The neighbors said the house has been gutted and a new roof and new furnace have been installed over the past two months.

Fiscus said he does not think the owner needs any zoning variances to work on the house. He said he would have someone from the zoning board check to see if construction has gone past the point where the owner would need a variance. If it has, the manager said he could issue a “cease and desist” order.

Madden cited a similar case from the 1980s, when MCAR took over a house on Myrtle Place near Wengler Avenue. The residence was zoned single-family residential. MCAR bought the house and used it as a group home.

“We challenged it. We lost,” Madden said. “The court ruled that people coming and living together make a single family. It’s not the traditional family that you and I think of is a family and we wish were the law. Unfortunately, it is not. Since it’s a single family residential unit, they’re permitted to live there and we can’t stop them. They don’t need a variance. They don’t need a special exception. They don’t need council’s permission. They just have a right to do it whether we like it or not.”

Other Sharon residents at the meeting said the group home would provide a necessary service for its residents.

“What is so bad with a group home?” asked Carol Schwartz, Sharon resident. “My brother-in-law lived in a group home right up by the park. No problems whatsoever. My brother-in-law was there because his parents had passed away. The house got sold so the state stepped in, moved him to a group home. He was well taken care of, he was safe, there was never any issues.”

Alan Yingling, who lives in the area, said the laws protect those who need residential treatment, but not residents who have homes near group facilities.

“The problem is not giving people the help that they need,” Yingling said. “But who else needs help is the people that have lived here. Everybody’s worked to keep their houses going. As soon as this goes in our property value immediately drops. Where is my protection for my investment?”
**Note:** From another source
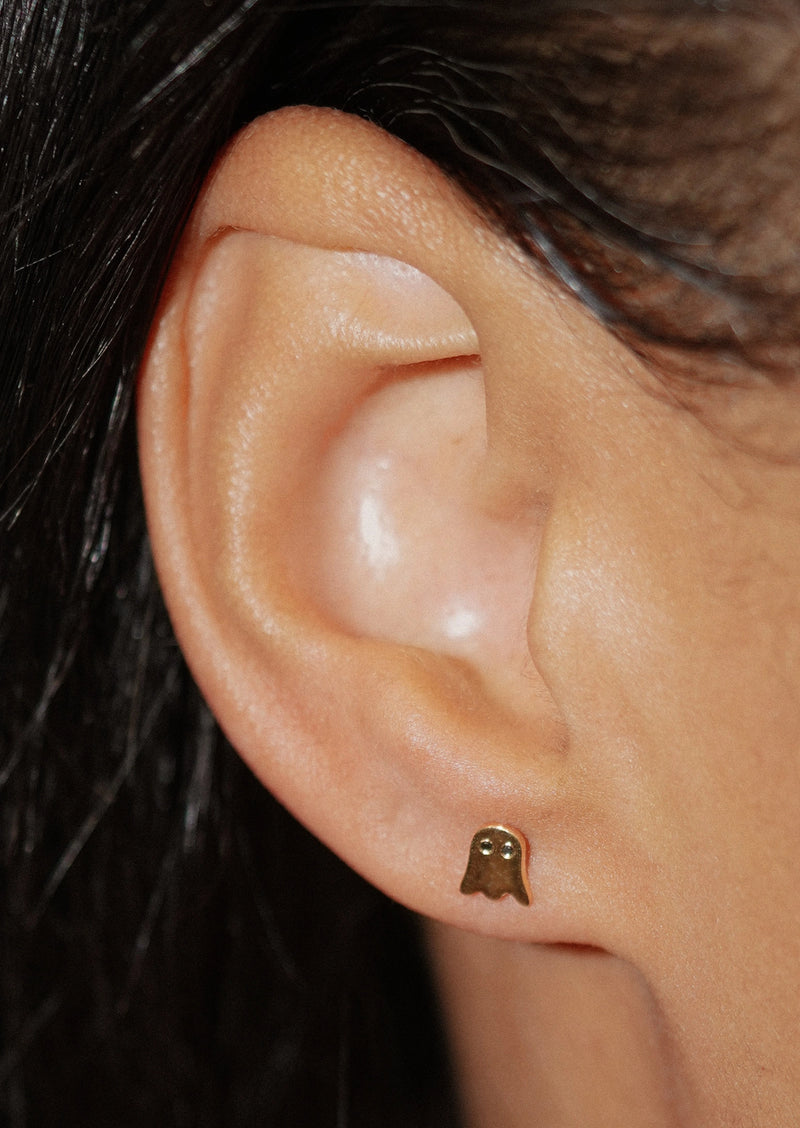 Ghost Threaded Flat Back Earring | Single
Yingling said Sharon neighborhoods are becoming filled with more rental properties than home owners.

“Where is the line going to get drawn where we say, ‘Hey, this is all we have left.’ Are we going to save it, or are we going to let it go?” Yingling asked. “I have no problem with people getting help. What I have a problem with is the last bit of neighborhoods we have getting ruined and just depreciating.”

Council President Molly Bundrant said there was very little Sharon officials could do.

“Do you understand what we’re saying, that this is bigger than us?” Bundrant said. “We understand you’re upset. We’re just as frustrated as you are. But I need you to understand this is out of our control.”

Councilman Bob Lucas advised residents to take the matter to authorities in Harrisburg.

“Basically, the only resolution you guys have is to go to your state rep and state senator and have them change the law,” Lucas said. “The only thing we can do is if that house comes to fruition and it’s a nuisance, after so many nuisance calls, there are steps we can take.”

One neighbor asked if Sharon was going to become a dumping ground.

Fiscus said he took some offense at that statement.

“I think Sharon has a lot of good neighborhoods and all the council people are working hard to maintain that,” Fiscus said. “There’s group homes all over the Shenango Valley. It’s not centered in Sharon. Often you don’t even know they’re there.”

Fiscus said on behalf of the fire and code departments and the city, they are going to do everything possible to support the neighbors around Quarry Place.

“We’re going to do everything we can to support you. Everything we can to make sure the requirements that we can enforce are enforced,” he said. “This is not just a Sharon issue.”